Dawn Brodie, head of the recovery project, said the park’s breeding operation is the largest and most successful in Canada.
Between 1983 and 1990, Washington State wildlife officials donated 430 owls to recovery areas in B.C. The Kamloops Wildlife Park now has 54 owls–a more than tenfold increase over its original five. Each year the project keeps 18 owls (nine males and nine females) and releases the remaining ones to the wild.
But only 15 cases of burrowing owls living in the B.C. wilderness have been reported.
"A lot of people ask me . . . what’s the point of doing the repairing if they’re going to die out anyway. But I feel we are doing a big effort here," Brodie said.
Dr. Tom Dickinson, a biology instructor at the University College of the Cariboo, said the success of wildlife recovery programs rest not only on how many of the animals can be bred, but also on whether those born will be able to sustain their population in the wild.
"I used to see dozens of native owls in the B.C., Alberta and Saskatchewan grasslands in the 1970s, but I only saw one in 1994," Dickinson said, adding that ensuring suitable habitat for endangered species is just as important as breeding programs.
"These two conditions of breeding owls and sustaining their environment go hand-in-hand. If we just keep releasing the juvenile owls into the wild where crop pesticide is used, they will die from eating the prey in the grassland."
Dickinson said large areas of natural grasslands are disappearing in B.C. Intensive agriculture and urbanization have reduced the available prairie-like terrain required by the burrowing owl and other species.
In 1990, Dickinson worked with the recovery program making artificial burrows for the owls. In 1995 he helped create the Lac Du Bois Provincial Park, a 20,000-hectare home for endangered species.
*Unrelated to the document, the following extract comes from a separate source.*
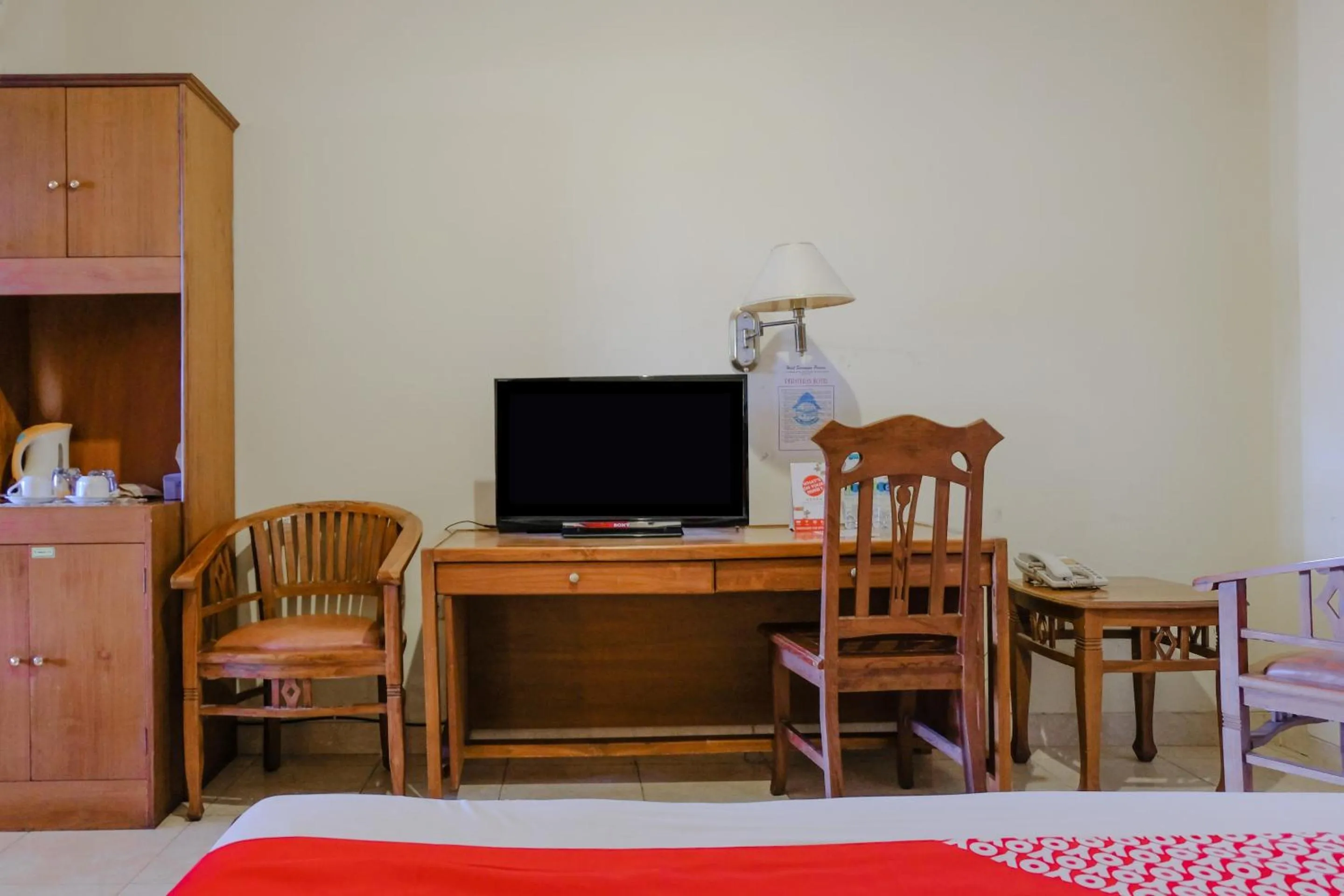 Bedroom in OYO 1803 Hotel Sarangan Permai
Burrowing owls can dig in suitable soil, but B.C.’s soil is too hard so they take over the abandoned burrows of mammals like badgers, coyotes and ground squirrels, whose declining numbers means fewer ready-dug burrows for the owls to nest in.
Although the pint-sized owl fell onto the B.C. endangered species list in the 1970s, its numbers had dwindled to almost none by the 1950s.
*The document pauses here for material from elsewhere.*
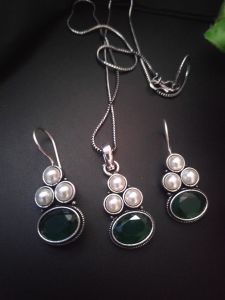  Silver Replica (Deep Green) Chain Set with matching Earrings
Historical nesting areas include Osoyoos, Oliver, Penticton, Vernon, the Okanagan Landing, Kamloops and Douglas Lake. Currently the Okanagan Valley and the Thompson-Nicola regions are the most inhabitable places in B.C. for the burrowing owl.
According to the federal environment ministry, the owl’s status was upgraded from threatened to endangered by the Committee on the Status of Endangered Wildlife in 1996. The bird is also legally designated under the federal Wildlife Act as endangered and was the mascot of the World Wildlife Fund for 1998. The federal government is considering protective legislation for species at risk and has proposed a National Stewardship Fund of between $250 and $600 million.